▶ **REQUIRED WORK**:
The output is a word-for-word repeat of the listing below, free of images.
SUPPLIED MATERIAL Block Start
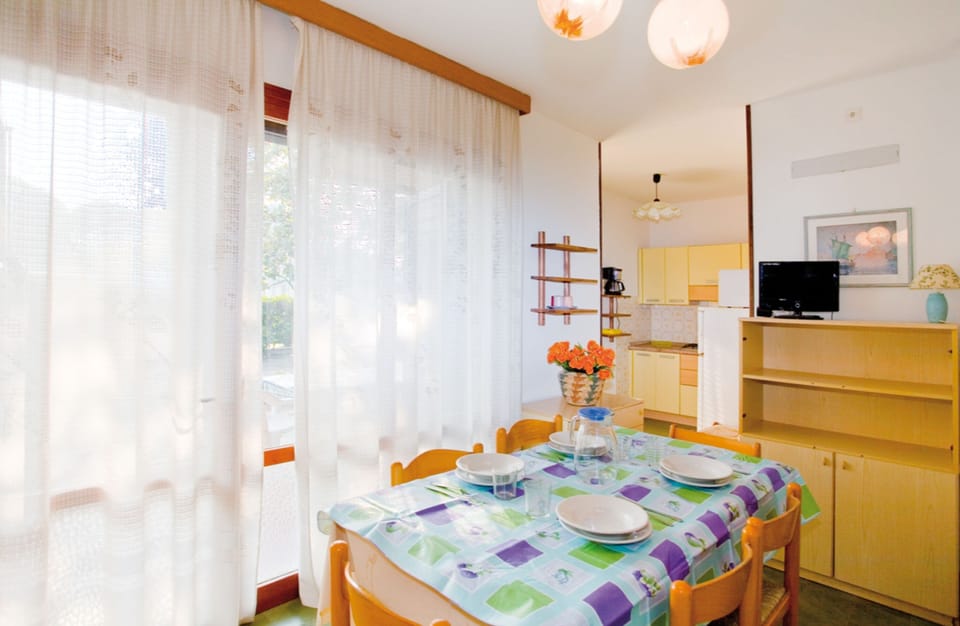 Apartment, 2 Bedrooms (59) | In-room dining
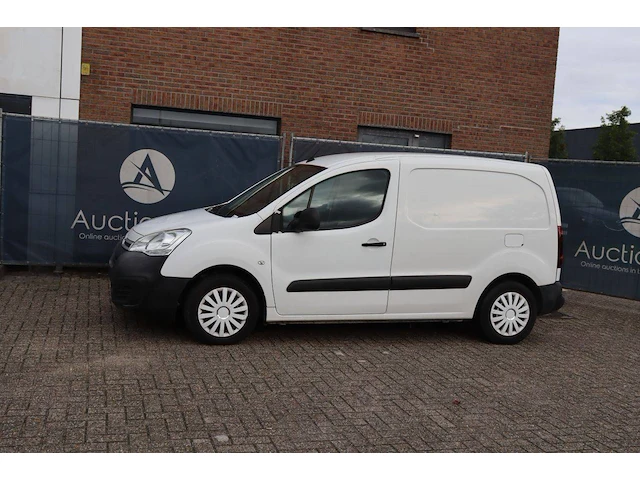 Bestelwagen citroën berlingo diesel - afbeelding 1 van  1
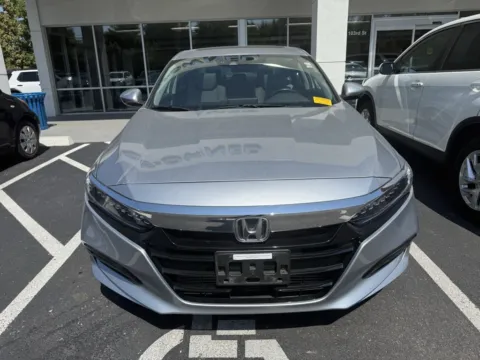 Photos of 2018 Honda Accord Sedan Touring 1.5T for sale in Kansas City, MO at Jay Wolfe Honda
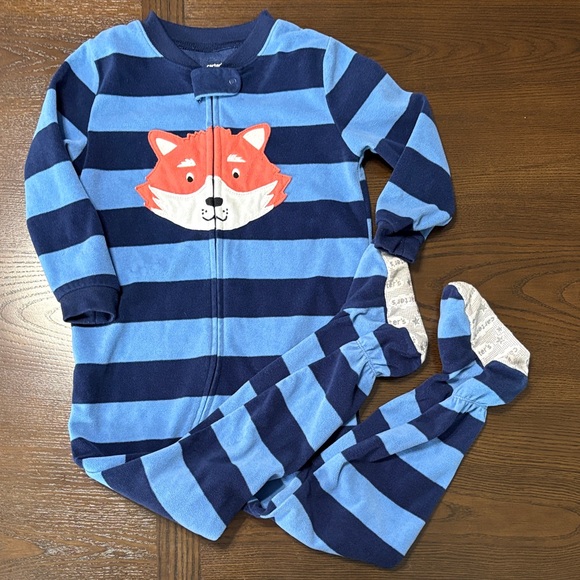 Bundle of toddler boy pajamas 3T - Picture 8 of 8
SUPPLIED MATERIAL Block End
▶ **RESPONSE BELOW**:
 Apartment, 2 Bedrooms (59) | In-room dining
 Bestelwagen citroën berlingo diesel - afbeelding 1 van  1
 Photos of 2018 Honda Accord Sedan Touring 1.5T for sale in Kansas City, MO at Jay Wolfe Honda
 Bundle of toddler boy pajamas 3T - Picture 8 of 8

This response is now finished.